Pada kesempatan ini saya tidak mau membahas soal sepakbola semata tapi pada sesuatu yang lain. Ya semacam semangat atau apalah. Saya suka bertanya kenapa Jepang bisa jauh meninggalkan kita. Padahal sepakbola kita diawal-awal lebih maju di banding mereka. Bahkan seorang Ronny Pattinasarany pendiri Asiop berani sesumbar kalo lawan Jepang ngga perlu latihan juga menang.
Indonesia sangat jumawa waktu tahun 80 dan 90-an. Dan di tahun itu Jepang tidak banyak bicara di Asia. Ikut turnamen sering kalah. Pernah di tahun 1988 ikut Piala Asia kalah tiga kali dan seri sekali dan gagal. Di tahun yang sama Indonesia di latih oleh Antoni Polosin dari Rusia. Dari sini star antara Indonesia dan Jepang hampir sama.
Ternyata tahun 88 itu adalah titik balik buat kedua belah pihak. Empat tahun kemudian Jepang juara Asia dan tiga tahun kemudian Indonesia juara Sea Games. Setelah itu Jepang terus menanjak sementara Indonesia jalan di tempat atau mungkin menurun. Jepang 10 tahun kemudian jadi tuan rumah Piala Dunia, Indonesia sampai sekarang belum pernah ikut Piala Dunia.Â
Jadi bisa di simpulkan sejak tahun 1991 sampai tahun 2016 PSSI dan prestasi sepakbola Indonesia terpuruk. Kenapa sampai tahun 2016. Kenapa tidak sampai sekarang. Tahun 2016 itu adalah titik balik sepakbola Indonesia. Di bawah komando Edy Rahmayadi sebagai ketua PSSI kompetisi kelompok umur di mulai. Meskipun belom sempurna tapi sudah terbukti banyak menjaring bakat-bakat sepakbola Indonesia yang mentas sekarang ini. RR dan Marcelino dll adalah produk dari kompetisi yunior.
Sementara di Jepang tahun 1992 ketika mereka juara Asia kompetisi profesionalnya belum ada. Baru tahun 1994 klub profesional berkompetisi. Tapi awalnya tidak banyak. Karena syaratnya berat. Yang terberat harus punya stadion sendiri. Tapi meski begitu sepakbola Jepang sudah berkompetisi di sekolah dan kampus-kampus. Para pemain sepakbola Jepang umumnya berasal dari kompetisi tersebut.

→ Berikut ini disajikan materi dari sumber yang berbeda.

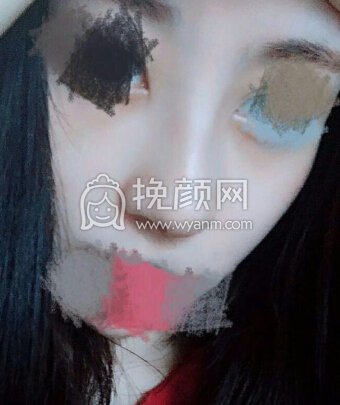 东莞美立方向宏伟医生半肋膨体鼻部手术手术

Indonesia juga punya kompetisi sepakbola remaja seperti Piala Suratin dan Piala Pelajar tapi tidak di kelola dengan baik dan gaungnya kurang. Tidak ngelink ke klub profesional. Baru ketika ada kompetisi Epa jebolan kompetisi remaja ( _seperti Piala Suratin dan Piala Pelajar tadi_) bisa di tampung oleh klub Epa. Itulah sebetulnya titik tolak sepakbola Indonesia.Â
Ketika Erick Tohir naik jadi ketua PSSI kebijakan sepakbola Indonesia berubah lagi. Menteri BUMN itu ingin hasil yang instan. Ingin cepat ikut Piala Dunia. Maka dicari pemain diaspora yang merumput di Eropa. Untungnya kompetisi sepakbola remaja dan junior kita sudah berjalan. Mungkin di tim senior akan di dominasi oleh pemain diaspora tapi untuk remaja dan yunior tetap mengandalkan produk dalam negeri yang terus berkompetisi.Â
Di titik ini sepakbola Indonesia sebenarnya sudah menuju jalan yang benar. Dengan catatan kompetisi Epa harus terus di perbaiki kwalitasnya. Jangan lagi seperti turnamen tapi benar-benar dengan sistem kompetidi, home and away. Kwalitas pelatih ( _dari D sampai B_) harus di perbanyak, dipermudah dan di subsidi. Karena itu juga bagian dari perbaikan sepakbola Indonesia. Kalau pelatih grass rootnya kurang, kwalitasnya tidak ada bagaimana mau menghasilkan pemain yang berkwalitas.Â
Jadi besok malam ketika timnas Indonesia melawan Jepang sudah ada gambaran bagaimana kedua tim itu bermain. Yang satu tim yang sudah di bangun sejak puluhan tahun. Sementara Indonesia adalah tim yang di bangun sejak eranya Erick Tohir atau mungkin sejak eranya Edy Rahmayadi. Tapi bola itu bundar. Segala sesuatu yang di luar dugaan bisa saja terjadi di lapangan. Wassalam.